_AIM OF THE EXERCISE_
The records below are to be transcribed exactly, with the pictures removed.

_DATASET RECORDS_
----------

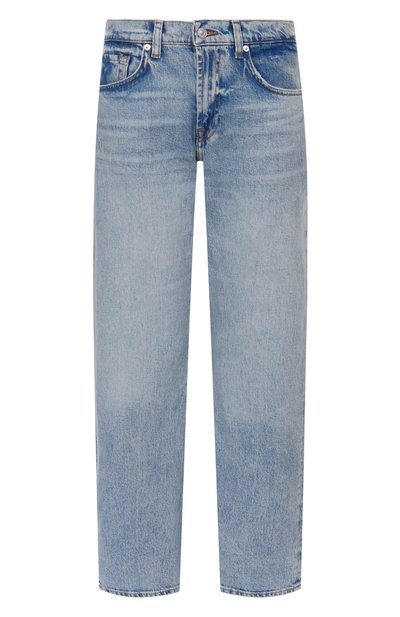 Женские джинсы tess trouser 7 FOR ALL MANKIND, арт. 7U66BC10-0D1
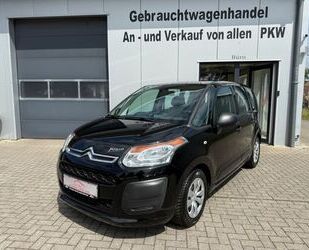 Citroen C3 Gebrauchtwagen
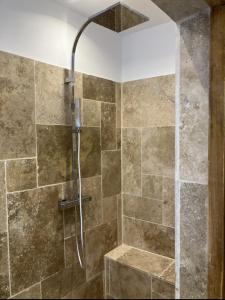 Villas Mas des Roses : photos des chambres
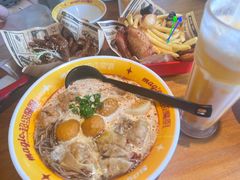 -超级魔厨(地王店)
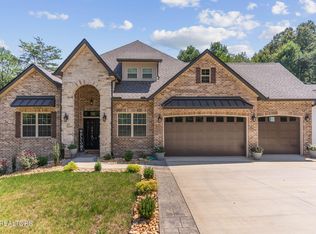 113 Chuniloti Way, Tellico Plns, TN 37774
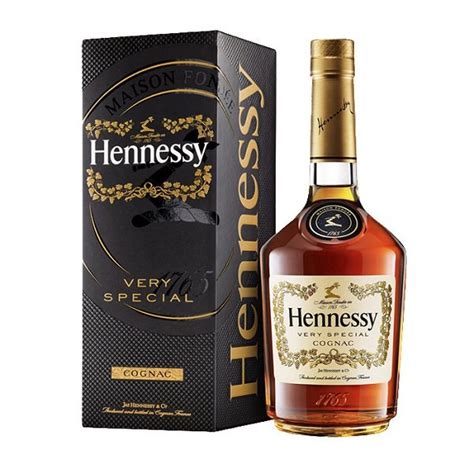 Hennessy Cognac Vs 70cl Prime Grocers International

----------

_SOLVED PROBLEM_
 Женские джинсы tess trouser 7 FOR ALL MANKIND, арт. 7U66BC10-0D1
 Citroen C3 Gebrauchtwagen
 Villas Mas des Roses : photos des chambres
 -超级魔厨(地王店)
 113 Chuniloti Way, Tellico Plns, TN 37774
 Hennessy Cognac Vs 70cl Prime Grocers International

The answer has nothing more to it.